DATA PROVIDED:
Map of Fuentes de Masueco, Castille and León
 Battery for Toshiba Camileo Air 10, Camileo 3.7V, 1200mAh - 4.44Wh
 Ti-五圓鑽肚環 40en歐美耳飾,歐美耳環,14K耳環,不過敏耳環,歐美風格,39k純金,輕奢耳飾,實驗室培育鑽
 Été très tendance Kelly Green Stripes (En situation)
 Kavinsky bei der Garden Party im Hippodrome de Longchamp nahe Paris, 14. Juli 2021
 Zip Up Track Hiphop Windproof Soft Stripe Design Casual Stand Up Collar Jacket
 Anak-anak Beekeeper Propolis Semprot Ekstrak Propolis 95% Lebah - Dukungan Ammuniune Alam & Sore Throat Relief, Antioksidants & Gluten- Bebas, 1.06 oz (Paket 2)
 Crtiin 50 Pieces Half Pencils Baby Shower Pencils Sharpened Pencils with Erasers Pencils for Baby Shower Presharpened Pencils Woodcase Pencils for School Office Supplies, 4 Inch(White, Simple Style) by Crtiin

TASK TO CARRY OUT:
Each record must be transcribed word for word.

TASK SOLUTION:
Map of Fuentes de Masueco, Castille and León
 Battery for Toshiba Camileo Air 10, Camileo 3.7V, 1200mAh - 4.44Wh
 Ti-五圓鑽肚環 40en歐美耳飾,歐美耳環,14K耳環,不過敏耳環,歐美風格,39k純金,輕奢耳飾,實驗室培育鑽
 Été très tendance Kelly Green Stripes (En situation)
 Kavinsky bei der Garden Party im Hippodrome de Longchamp nahe Paris, 14. Juli 2021
 Zip Up Track Hiphop Windproof Soft Stripe Design Casual Stand Up Collar Jacket
 Anak-anak Beekeeper Propolis Semprot Ekstrak Propolis 95% Lebah - Dukungan Ammuniune Alam & Sore Throat Relief, Antioksidants & Gluten- Bebas, 1.06 oz (Paket 2)
 Crtiin 50 Pieces Half Pencils Baby Shower Pencils Sharpened Pencils with Erasers Pencils for Baby Shower Presharpened Pencils Woodcase Pencils for School Office Supplies, 4 Inch(White, Simple Style) by Crtiin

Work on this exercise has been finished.